|
|
|
|
|
by sgt101
2720 days ago
|
|
I'd elaborate by saying that for the focus of ML to be on mathematics risks creating technology that isn't useful at great cost. I think that software engineering followed a similar arc; the mathematical appeal and authority of formal methods was very great, in the absence of wide and deep experience of the reality of system development there was a huge focus on trying to use formal methods as a fundamental part of system development with very marginal pay off in terms of current practice. I think that the impact of this can be seen in the way that software development is essentially an artisanal practice now. AI and ML risk the same sort of diversionary excursion where mathematical fundamentals are the focus of the field and the real world is demoted/externalised.

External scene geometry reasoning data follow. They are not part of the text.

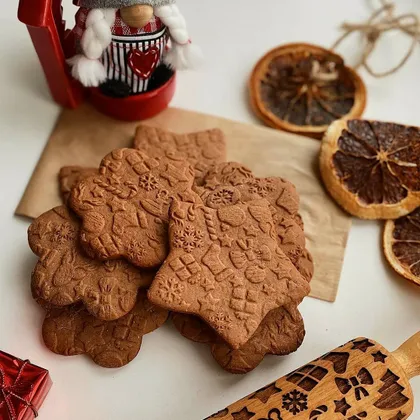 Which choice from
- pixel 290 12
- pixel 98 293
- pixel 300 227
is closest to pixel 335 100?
pixel 290 12

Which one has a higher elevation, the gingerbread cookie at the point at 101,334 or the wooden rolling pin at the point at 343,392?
the wooden rolling pin at the point at 343,392

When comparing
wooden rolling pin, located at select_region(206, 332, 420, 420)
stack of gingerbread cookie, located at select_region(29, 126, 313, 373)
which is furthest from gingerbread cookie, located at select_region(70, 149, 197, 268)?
wooden rolling pin, located at select_region(206, 332, 420, 420)

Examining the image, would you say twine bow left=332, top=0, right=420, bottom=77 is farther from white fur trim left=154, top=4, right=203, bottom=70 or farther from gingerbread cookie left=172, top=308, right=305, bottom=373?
gingerbread cookie left=172, top=308, right=305, bottom=373

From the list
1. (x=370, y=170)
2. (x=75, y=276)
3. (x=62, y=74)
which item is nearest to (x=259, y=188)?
(x=370, y=170)

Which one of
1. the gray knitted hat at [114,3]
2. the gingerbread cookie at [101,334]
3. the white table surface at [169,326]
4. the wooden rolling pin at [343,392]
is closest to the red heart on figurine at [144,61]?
the gray knitted hat at [114,3]

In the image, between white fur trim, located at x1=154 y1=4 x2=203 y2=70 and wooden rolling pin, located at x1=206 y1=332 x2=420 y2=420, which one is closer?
wooden rolling pin, located at x1=206 y1=332 x2=420 y2=420

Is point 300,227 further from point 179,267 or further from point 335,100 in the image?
point 335,100

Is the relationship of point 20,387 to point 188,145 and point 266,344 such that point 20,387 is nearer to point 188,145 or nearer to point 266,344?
point 266,344

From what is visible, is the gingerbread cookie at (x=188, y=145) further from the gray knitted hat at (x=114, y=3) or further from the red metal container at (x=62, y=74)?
the gray knitted hat at (x=114, y=3) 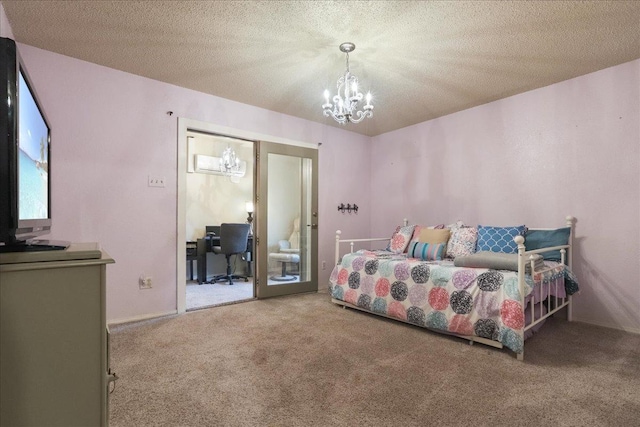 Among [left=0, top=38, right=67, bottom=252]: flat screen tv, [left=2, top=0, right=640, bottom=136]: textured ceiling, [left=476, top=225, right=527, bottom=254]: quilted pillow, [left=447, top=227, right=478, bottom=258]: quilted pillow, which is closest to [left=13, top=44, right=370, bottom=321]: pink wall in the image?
[left=2, top=0, right=640, bottom=136]: textured ceiling

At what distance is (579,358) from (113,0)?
3538 mm

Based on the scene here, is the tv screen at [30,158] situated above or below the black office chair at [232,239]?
above

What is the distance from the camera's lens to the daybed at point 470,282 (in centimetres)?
212

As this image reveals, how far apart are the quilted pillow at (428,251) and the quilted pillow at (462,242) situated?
0.08m

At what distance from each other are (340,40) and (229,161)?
345 centimetres

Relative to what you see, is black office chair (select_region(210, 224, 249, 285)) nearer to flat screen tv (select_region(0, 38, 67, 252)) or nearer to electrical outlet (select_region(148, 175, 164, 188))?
electrical outlet (select_region(148, 175, 164, 188))

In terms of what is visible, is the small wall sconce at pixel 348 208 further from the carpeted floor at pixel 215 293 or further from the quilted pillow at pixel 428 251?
the carpeted floor at pixel 215 293

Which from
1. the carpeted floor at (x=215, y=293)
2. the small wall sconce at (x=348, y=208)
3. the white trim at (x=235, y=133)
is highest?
the white trim at (x=235, y=133)

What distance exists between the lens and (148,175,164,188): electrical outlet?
9.59ft

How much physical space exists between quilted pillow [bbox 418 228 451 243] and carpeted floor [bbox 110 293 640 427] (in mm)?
948

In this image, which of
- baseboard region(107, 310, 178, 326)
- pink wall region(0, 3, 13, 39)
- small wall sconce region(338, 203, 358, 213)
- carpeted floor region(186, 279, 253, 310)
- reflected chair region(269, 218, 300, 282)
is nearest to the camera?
pink wall region(0, 3, 13, 39)

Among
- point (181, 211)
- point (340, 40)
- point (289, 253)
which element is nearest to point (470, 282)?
point (340, 40)

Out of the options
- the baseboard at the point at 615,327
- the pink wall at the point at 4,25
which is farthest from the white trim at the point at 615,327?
the pink wall at the point at 4,25

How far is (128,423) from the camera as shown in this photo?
1387 millimetres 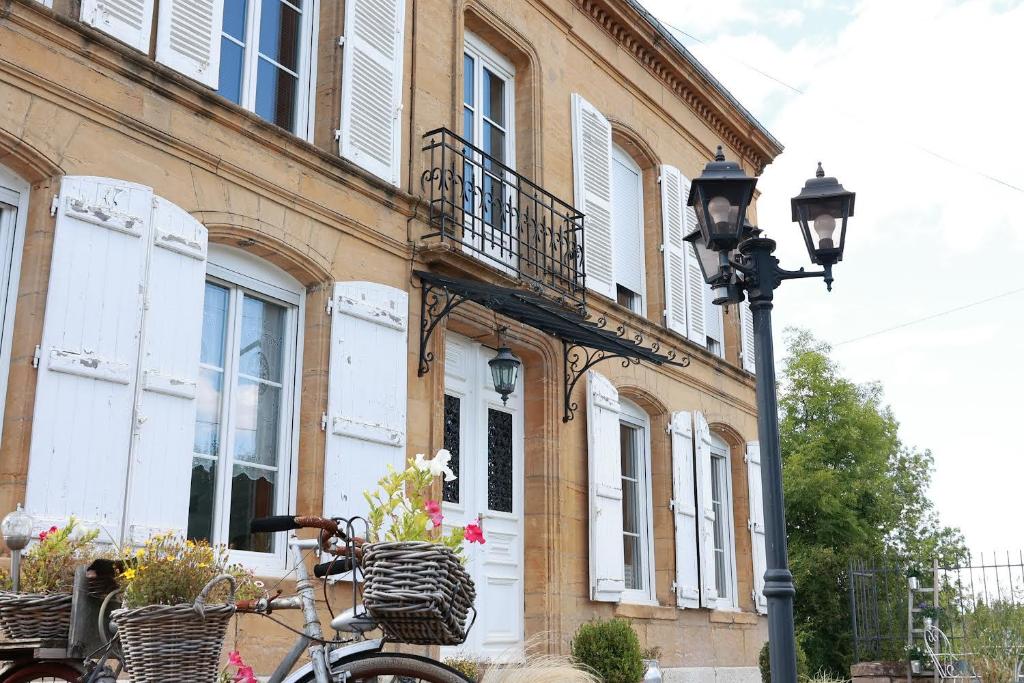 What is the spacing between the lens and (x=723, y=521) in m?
12.8

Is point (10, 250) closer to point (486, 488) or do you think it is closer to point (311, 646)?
point (311, 646)

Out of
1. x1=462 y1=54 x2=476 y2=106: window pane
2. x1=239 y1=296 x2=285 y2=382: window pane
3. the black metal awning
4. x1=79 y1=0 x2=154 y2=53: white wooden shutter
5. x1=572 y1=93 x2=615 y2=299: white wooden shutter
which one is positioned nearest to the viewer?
x1=79 y1=0 x2=154 y2=53: white wooden shutter

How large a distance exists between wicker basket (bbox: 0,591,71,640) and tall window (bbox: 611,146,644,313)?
26.6ft

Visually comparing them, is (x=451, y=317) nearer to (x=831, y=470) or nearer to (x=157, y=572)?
(x=157, y=572)

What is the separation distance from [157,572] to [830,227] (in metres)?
3.73

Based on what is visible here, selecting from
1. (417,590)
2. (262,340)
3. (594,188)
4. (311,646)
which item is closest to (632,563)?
(594,188)

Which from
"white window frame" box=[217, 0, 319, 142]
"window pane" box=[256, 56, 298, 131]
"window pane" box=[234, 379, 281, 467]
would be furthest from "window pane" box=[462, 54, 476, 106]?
"window pane" box=[234, 379, 281, 467]

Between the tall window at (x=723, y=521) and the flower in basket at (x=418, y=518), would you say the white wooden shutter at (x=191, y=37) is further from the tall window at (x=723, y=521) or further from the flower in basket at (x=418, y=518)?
the tall window at (x=723, y=521)

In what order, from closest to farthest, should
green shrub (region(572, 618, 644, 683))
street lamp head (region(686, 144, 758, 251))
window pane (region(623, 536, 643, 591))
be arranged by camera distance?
street lamp head (region(686, 144, 758, 251)) < green shrub (region(572, 618, 644, 683)) < window pane (region(623, 536, 643, 591))

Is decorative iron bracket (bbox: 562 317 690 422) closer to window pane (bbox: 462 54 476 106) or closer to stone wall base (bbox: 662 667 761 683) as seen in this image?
window pane (bbox: 462 54 476 106)

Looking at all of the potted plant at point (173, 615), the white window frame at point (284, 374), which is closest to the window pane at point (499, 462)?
the white window frame at point (284, 374)

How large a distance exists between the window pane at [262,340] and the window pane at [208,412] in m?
0.24

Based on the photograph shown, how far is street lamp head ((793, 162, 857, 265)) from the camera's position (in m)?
5.44

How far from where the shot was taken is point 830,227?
17.9ft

We do not understand the transformations between data and a deployed application, they are semantic, organisational, system dependent and very human. We can't characterise the type of mistakes that classifiers will make, or why those mistakes are, or aren't significant in an application. We can't engineer a machine learning system in the sense that we can't evaluate or certify that it'll work reliably or consistently. Right now ML and AI are like airships in the 1920's if and when something goes wrong and lots of people die (or are blinded) the community isn't even in a position to properly investigate what's happened. Before we get to focusing on the equivalent of hydrodynamics we need to move to an organisation and practice of engineering discipline - that's what the aircraft people did, and that's why the windows in jetliners aren't square, and that's why you can fly off on holiday. If AI and ML don't do this and instead everyone spends their hours and days doing maths that isn't absolutely at the core of the real issues of application then watch as confidence and trust evaporates and be ready to wait 20 years to see any value arise. But - maths that achieves results like those in compiler design and optimisation, I'll buy that for $1! |
|
These statements are false. It sounds like your extrapolating what you've read in a few blog posts and assuming that's how the entire industry operates. You don't read headlines about people digging through the data and error logs on a daily basis b/c it's not headline worthy but that doesn't mean it's not being done.